(Scraped caption text data)
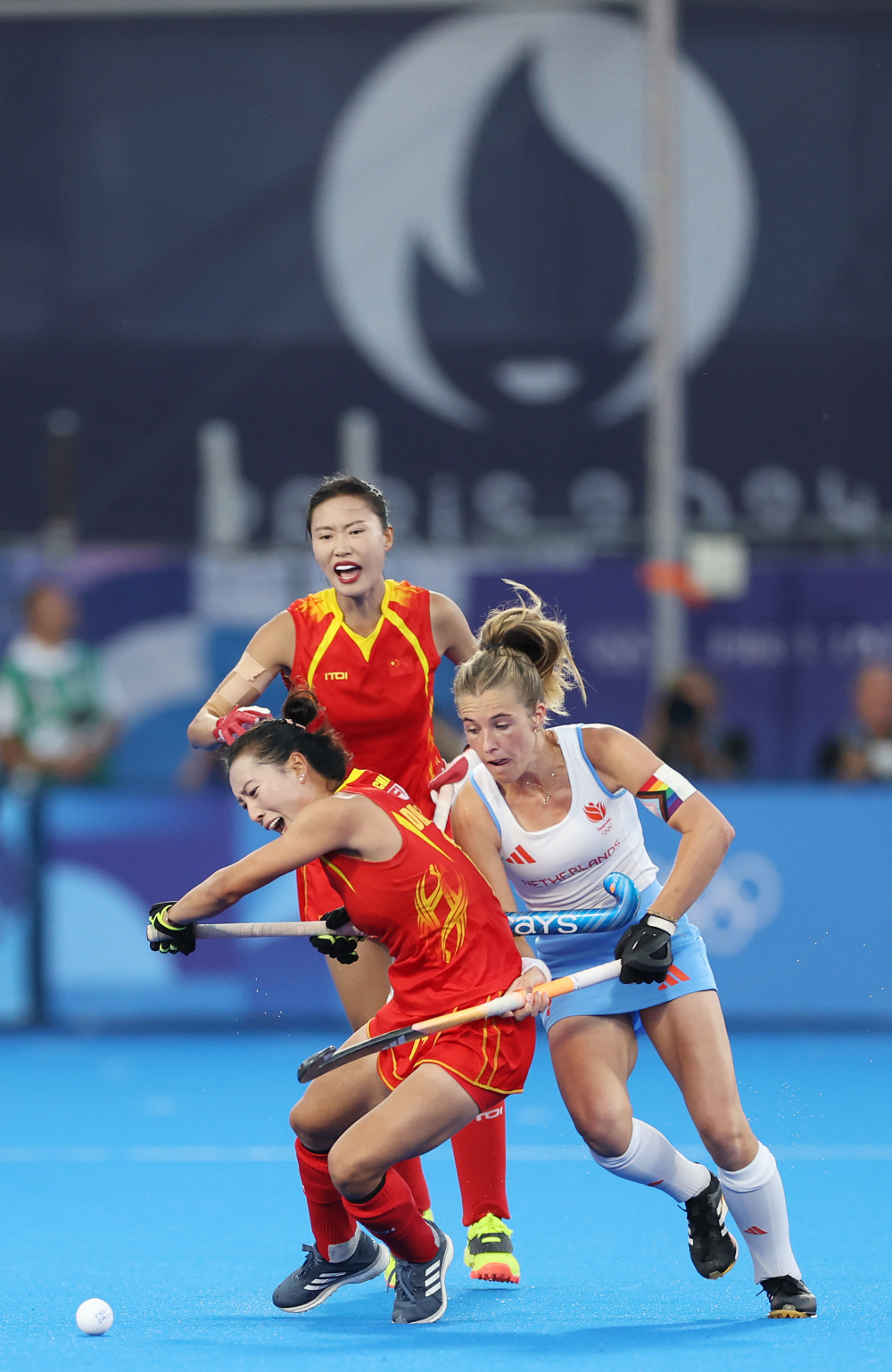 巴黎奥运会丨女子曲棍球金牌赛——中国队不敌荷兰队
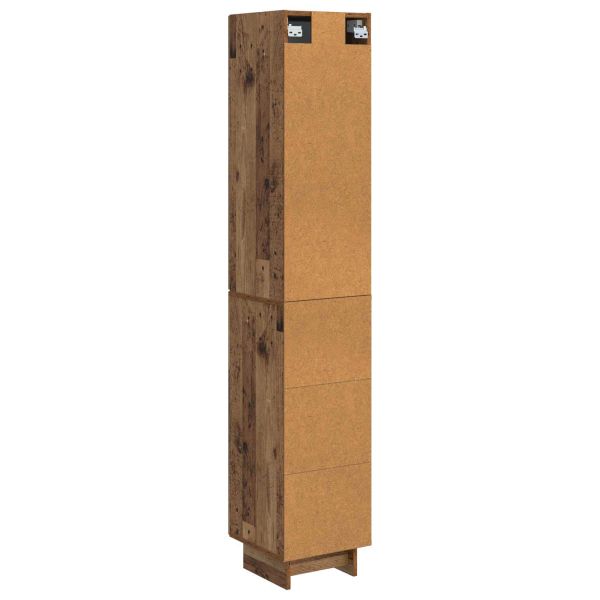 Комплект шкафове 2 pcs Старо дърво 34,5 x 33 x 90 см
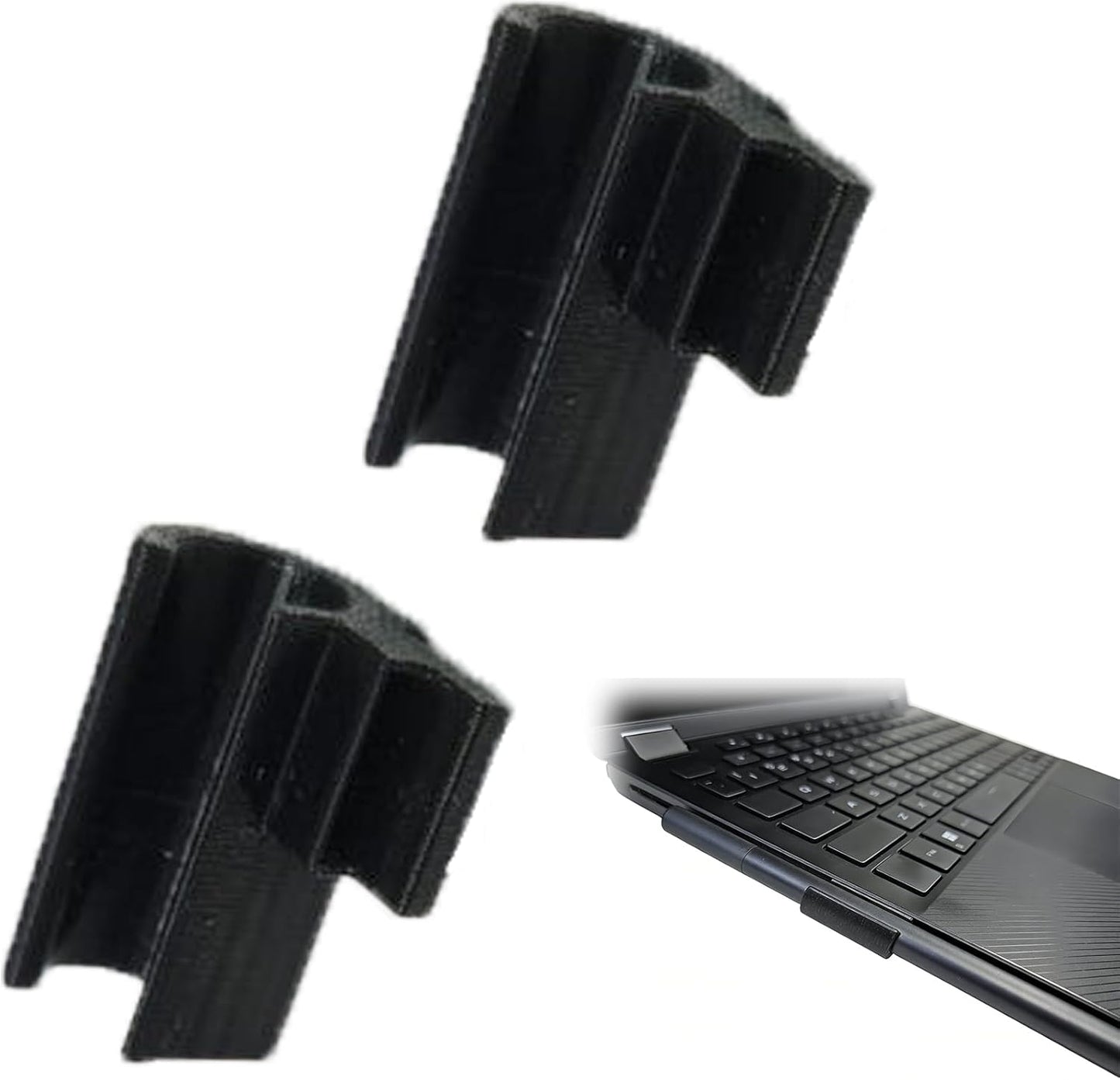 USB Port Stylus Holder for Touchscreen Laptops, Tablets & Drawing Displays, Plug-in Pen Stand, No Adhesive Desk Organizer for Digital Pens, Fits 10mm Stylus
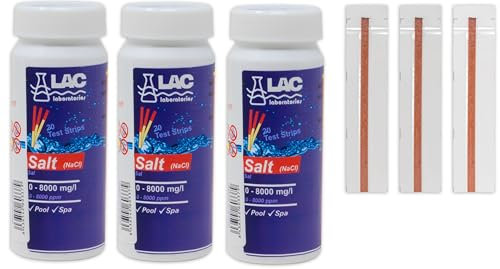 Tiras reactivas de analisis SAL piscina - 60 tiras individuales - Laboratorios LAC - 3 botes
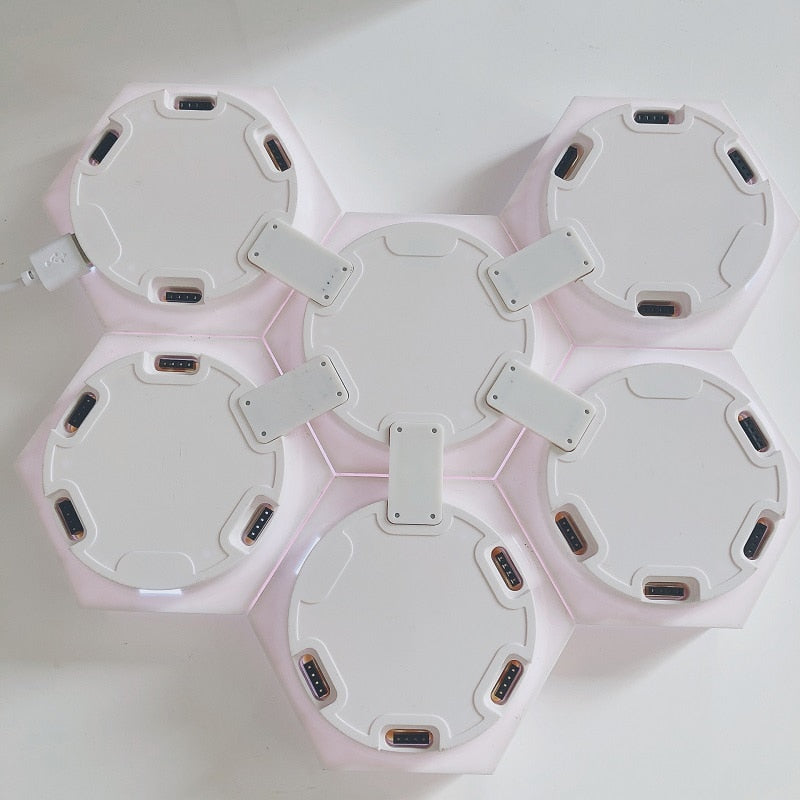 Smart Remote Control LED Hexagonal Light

▸ EXERCISE INSTRUCTIONS:
Output the line that contains "USB Port Stylus" and every line after it to the end of the records, word for word, leaving out the pictures.

▸ EXERCISE RESULT:
 USB Port Stylus Holder for Touchscreen Laptops, Tablets & Drawing Displays, Plug-in Pen Stand, No Adhesive Desk Organizer for Digital Pens, Fits 10mm Stylus
 Tiras reactivas de analisis SAL piscina - 60 tiras individuales - Laboratorios LAC - 3 botes
 Smart Remote Control LED Hexagonal Light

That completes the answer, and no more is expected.